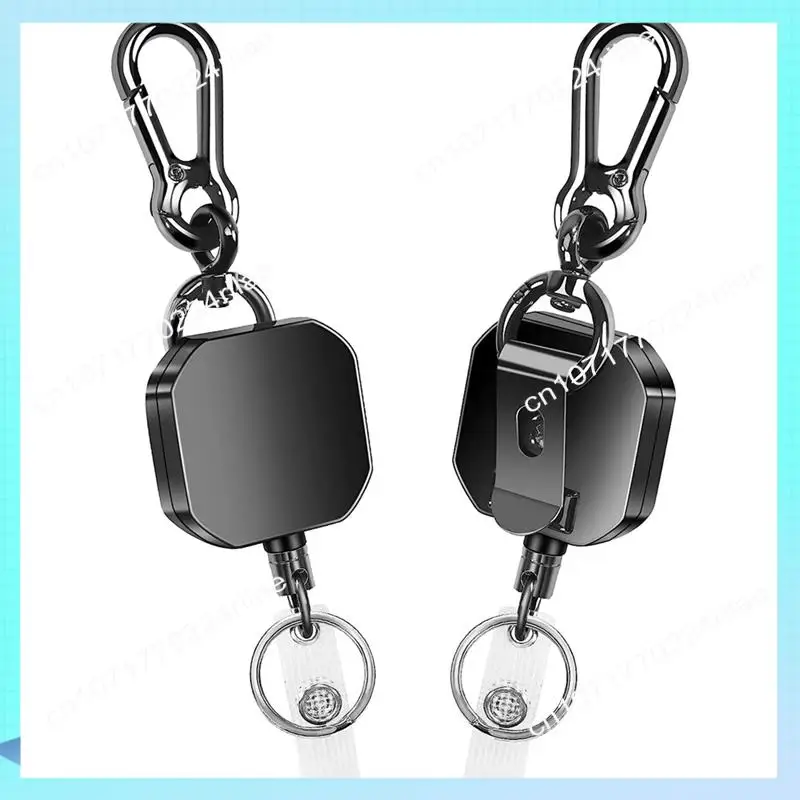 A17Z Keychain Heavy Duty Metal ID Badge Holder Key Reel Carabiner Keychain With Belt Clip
...
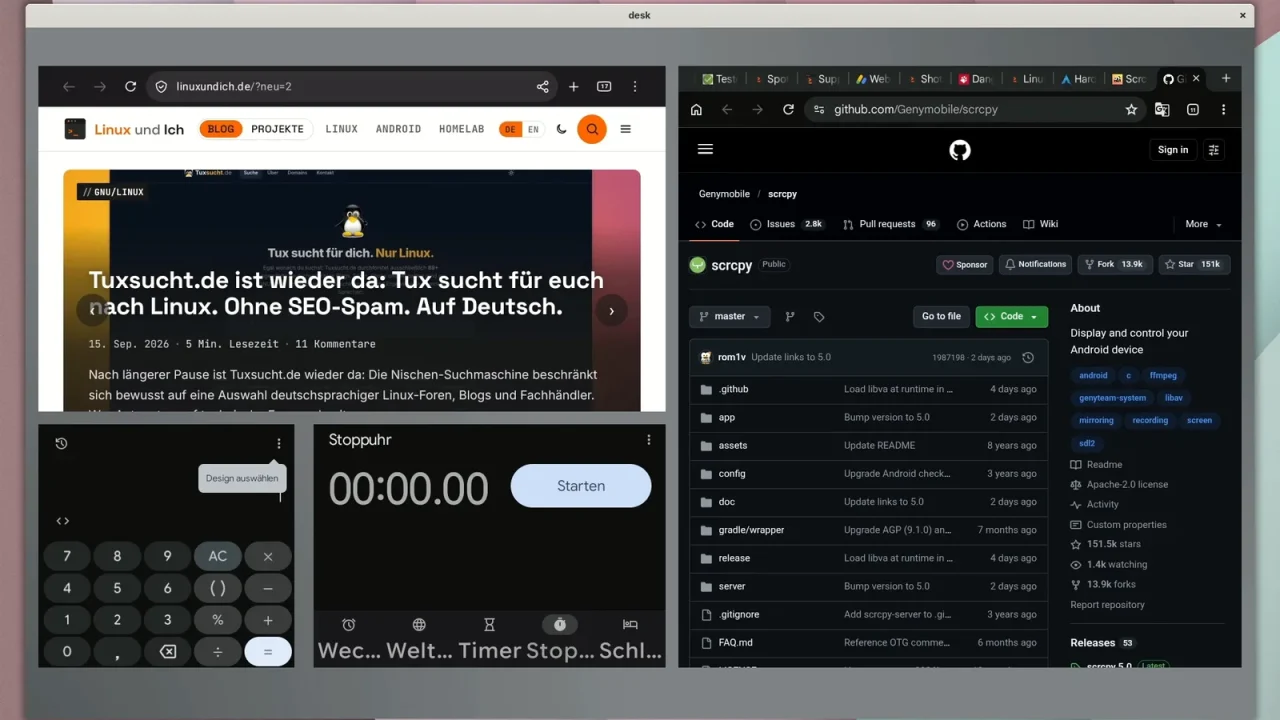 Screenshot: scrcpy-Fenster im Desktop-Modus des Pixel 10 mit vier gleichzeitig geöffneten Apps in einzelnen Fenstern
---
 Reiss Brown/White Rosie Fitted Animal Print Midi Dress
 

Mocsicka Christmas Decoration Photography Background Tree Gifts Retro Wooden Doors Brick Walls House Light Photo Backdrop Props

*WHAT NEEDS TO BE DONE*
What is asked for is an exact copy of the lines above from the one containing "Reiss Brown/White Rosie" through the one containing "Mocsicka Christmas Decoration", and only those.

*RESULT OF THE EXERCISE*
 Reiss Brown/White Rosie Fitted Animal Print Midi Dress
 

Mocsicka Christmas Decoration Photography Background Tree Gifts Retro Wooden Doors Brick Walls House Light Photo Backdrop Props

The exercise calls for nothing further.